Wednesday, January 18, 2006

More Bad News From Korea: This Time About Umb. Cord Blood Experiment

The woman who was paralyzed for 19 years and had partial movement and feeling restored through umbilical cord blood stem cells has had a terrible setback. The story says it was an infection, but it also appears that she may be the victim of unethical human experimentation. The bottom line: Today she is worse off than she was before receiving the experimental treatments.

This brings up an important point I try to adhere to: I always point out that one apparent successful treatment does not a cure make. I have said this about Dennis Turner, who apparently received a substantial remission from Parkinson's with his own brain cells. I said so about this woman. These are early experiments. The promise seems real. But we must not hype adult stem cells in the way proponents of cloning and ESCR have too often hyped those approaches.

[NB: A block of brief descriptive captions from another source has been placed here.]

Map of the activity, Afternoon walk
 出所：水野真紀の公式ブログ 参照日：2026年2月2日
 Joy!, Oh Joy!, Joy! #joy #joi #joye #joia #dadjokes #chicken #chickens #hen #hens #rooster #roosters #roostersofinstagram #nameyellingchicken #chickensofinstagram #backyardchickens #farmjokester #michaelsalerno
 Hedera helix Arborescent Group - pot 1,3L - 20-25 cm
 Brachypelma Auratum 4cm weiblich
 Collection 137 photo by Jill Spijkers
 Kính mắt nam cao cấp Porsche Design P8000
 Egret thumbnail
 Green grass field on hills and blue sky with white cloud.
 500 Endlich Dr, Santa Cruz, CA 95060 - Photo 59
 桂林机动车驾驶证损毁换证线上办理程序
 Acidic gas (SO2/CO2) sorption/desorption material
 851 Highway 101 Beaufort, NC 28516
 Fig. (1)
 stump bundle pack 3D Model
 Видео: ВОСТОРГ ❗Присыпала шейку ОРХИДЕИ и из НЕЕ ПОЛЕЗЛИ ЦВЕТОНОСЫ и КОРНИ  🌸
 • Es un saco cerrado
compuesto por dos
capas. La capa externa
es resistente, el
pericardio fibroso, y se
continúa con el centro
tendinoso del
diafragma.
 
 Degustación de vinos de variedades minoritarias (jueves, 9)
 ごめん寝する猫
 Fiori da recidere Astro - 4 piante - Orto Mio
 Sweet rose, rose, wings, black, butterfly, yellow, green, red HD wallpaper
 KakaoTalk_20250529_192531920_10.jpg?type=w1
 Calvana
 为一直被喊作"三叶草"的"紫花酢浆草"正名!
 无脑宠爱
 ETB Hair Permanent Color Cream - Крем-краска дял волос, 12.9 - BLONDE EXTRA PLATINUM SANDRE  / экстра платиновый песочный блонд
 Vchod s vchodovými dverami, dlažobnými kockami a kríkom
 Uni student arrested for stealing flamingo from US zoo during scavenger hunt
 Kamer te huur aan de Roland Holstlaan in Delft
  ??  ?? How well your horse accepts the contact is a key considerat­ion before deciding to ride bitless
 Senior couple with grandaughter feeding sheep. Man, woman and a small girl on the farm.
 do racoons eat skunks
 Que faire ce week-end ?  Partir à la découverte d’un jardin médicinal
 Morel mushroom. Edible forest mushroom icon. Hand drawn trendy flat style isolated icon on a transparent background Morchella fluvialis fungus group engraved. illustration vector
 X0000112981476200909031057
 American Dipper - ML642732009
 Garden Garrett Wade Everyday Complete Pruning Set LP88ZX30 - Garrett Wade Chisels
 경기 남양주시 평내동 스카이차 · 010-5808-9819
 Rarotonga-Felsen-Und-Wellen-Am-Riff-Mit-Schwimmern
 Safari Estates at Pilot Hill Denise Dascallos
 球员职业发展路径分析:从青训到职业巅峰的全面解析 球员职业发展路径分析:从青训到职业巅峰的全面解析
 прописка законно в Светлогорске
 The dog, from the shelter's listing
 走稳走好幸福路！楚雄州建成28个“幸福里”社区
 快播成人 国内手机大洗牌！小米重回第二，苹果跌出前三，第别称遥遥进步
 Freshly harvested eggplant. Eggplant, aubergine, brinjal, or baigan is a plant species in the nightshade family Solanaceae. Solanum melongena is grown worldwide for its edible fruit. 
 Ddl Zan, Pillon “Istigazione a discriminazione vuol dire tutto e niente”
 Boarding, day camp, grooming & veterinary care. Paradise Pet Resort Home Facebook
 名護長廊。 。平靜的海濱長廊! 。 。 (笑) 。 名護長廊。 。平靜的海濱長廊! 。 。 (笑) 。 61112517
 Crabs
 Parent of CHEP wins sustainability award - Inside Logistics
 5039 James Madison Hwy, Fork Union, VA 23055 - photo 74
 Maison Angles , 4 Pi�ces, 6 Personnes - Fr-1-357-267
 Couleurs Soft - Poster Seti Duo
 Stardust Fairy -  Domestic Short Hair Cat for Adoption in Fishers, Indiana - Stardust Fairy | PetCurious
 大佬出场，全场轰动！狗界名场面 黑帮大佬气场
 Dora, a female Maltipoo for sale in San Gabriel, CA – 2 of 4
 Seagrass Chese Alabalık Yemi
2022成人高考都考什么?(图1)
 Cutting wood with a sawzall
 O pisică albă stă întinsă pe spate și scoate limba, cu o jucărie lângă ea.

The First Calls Are Heard for Robert Klein's Head

Robert Klein, the primary mover behind Proposition 71, made a big mistake by becoming the head of the California Center for Regenerative Medicine. Now, he is in growing political trouble. The Center is beset with problems, including lawsuits and a distinct tendency toward arrogance and hubris. Now, the Center for Genetics and Society, a liberal group involved with biotechnology, is calling on Klein to step down. The Center is right. But he won't. And that will be to the benefit of those who oppose Proposition 71.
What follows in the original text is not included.